Today, I have a great relationship with my family. In fact, in an amazing twist, when I returned to the Arbroath drop-in centre I had attended as an addict to share how my life had changed, my Mum and Grandma were there and, on hearing my testimony, gave their lives to the Lord.

I now work as a Manager for Lighthouse Homes, which provides accommodation, care and support – within a safe, secure and structured environment – for homeless folks.

I am so thankful for the changes God has made in my life. I no longer live in torment – instead I have an indescribable peace, as I walk in true freedom.

 

I was born in Fraserburgh and brought up in the nearby village of Sandhaven for the first nine years of my life. I enjoyed a happy childhood with good parents, who both worked extremely hard to raise my two sisters and I.

When an opportunity came up for my Dad to secure a better-paid job, we all moved south to a place called Irvine, which was exciting but also scary at the same time.

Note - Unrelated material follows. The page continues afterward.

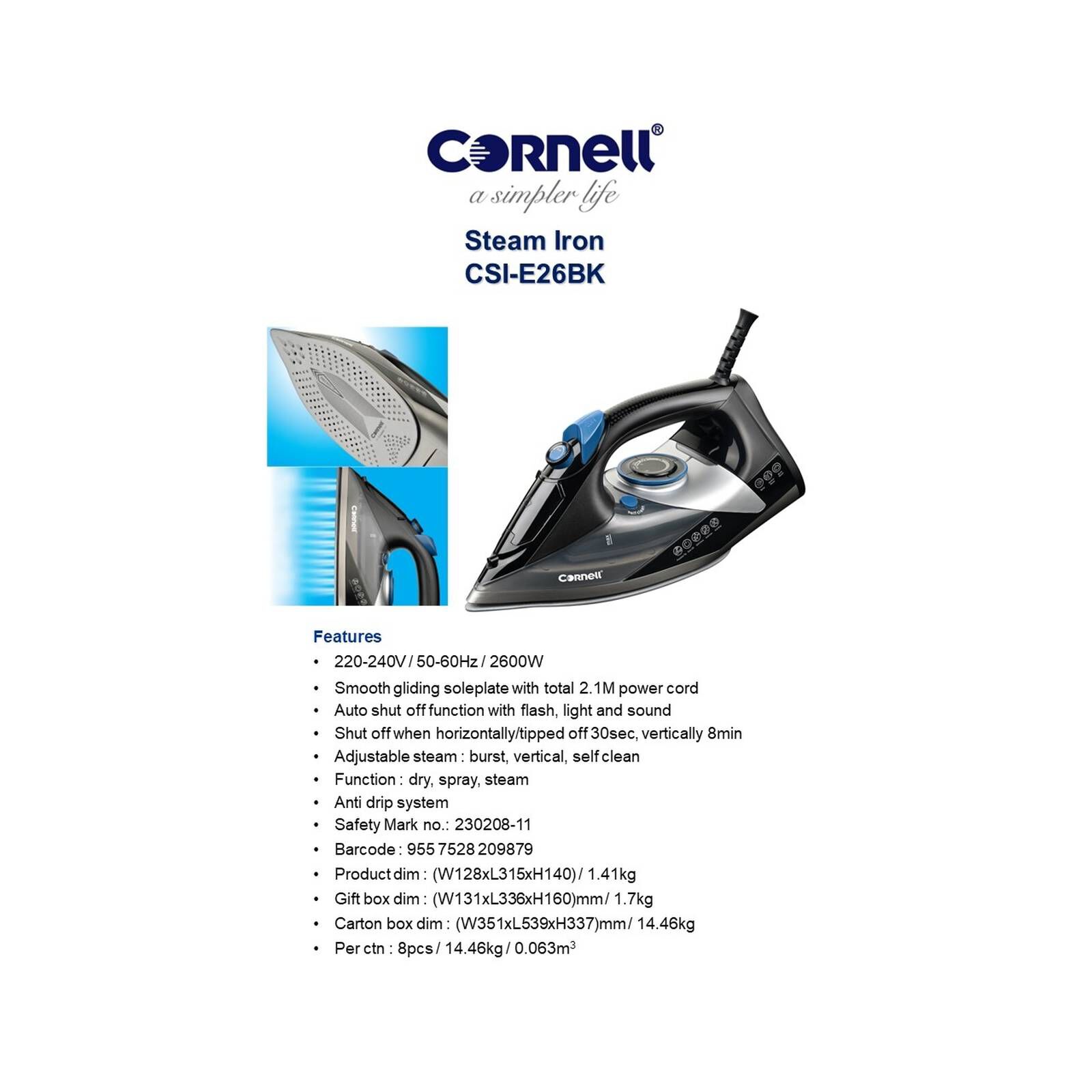 CORNELL Steam Iron CSIE26BK-image 6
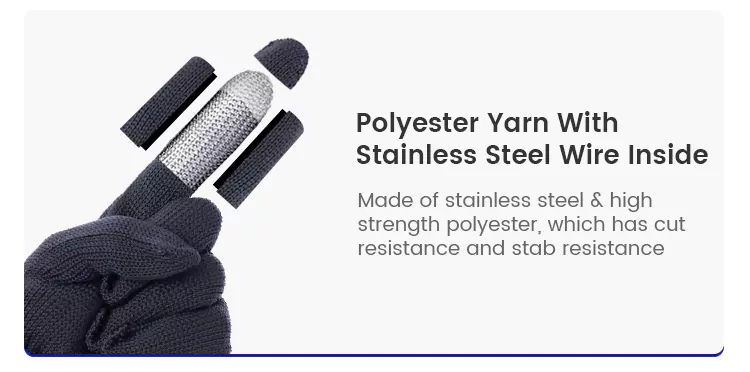 Polyester Yarn With Stainless Steel Wire Inside of Fish Fillet Gloves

When I was around 14 I started to smoke cigarettes, before – at the age of 16 – I moved onto smoking cannabis.

Things in my life began to spiral out of control and when I was 26, and my daughter Shannon was just 3-years-old, I ended up in prison after getting caught with a significant amount of cannabis, which I was selling to fund a cocaine and temazepam addiction.

It was whilst I was in jail, that I was first introduced to heroin.

One day, when I was going through a really tough time, I saw someone take the drug and decided to try it myself.

To be honest, I thought it was great because all my worries seemed to instantly disappear.

Then, when I got out of prison in October 1999 I quickly became a full-blown heroin addict. My life was a complete shambles. At one point I nearly lost a leg and had to get an operation to cut an infected lump out of my chest after I was kicked in a fight.

Thankfully though, while I was in hospital my sister Denise got talking to a Christian who pointed her in the direction of Teen Challenge Sunnybrae.

My Mum and Denise wasted no time in getting me to contact Sunnybrae and I was quickly interviewed by the centre manager, Gordon Cruden, who painted a grim picture of life there (which I later learned was to test me and see how much I wanted the programme).

I was so sick and tired of being sick and tired I knew I needed to do something – or I would be dead soon.

On the November 17, 2003, I entered the Teen Challenge programme a broken man, physically, mentally, and emotionally.

Although I found it very difficult to change at first, as I couldn’t get my head around Christianity, I found myself being drawn towards Jesus.

I could see Him at work in the people around me and I wanted what they had so, in February 2004, I gave my life to the Lord.

Since then, I have been completely transformed from a lying, stealing, cheating heroin addict into a loving father, devoted husband and dedicated disciple of Christ.

I now have a full time job in Teen Challenge and have been blessed with wonderful relationships with my daughter Shannon, and my beautiful wife Lindsay, who I got married to in August 2008.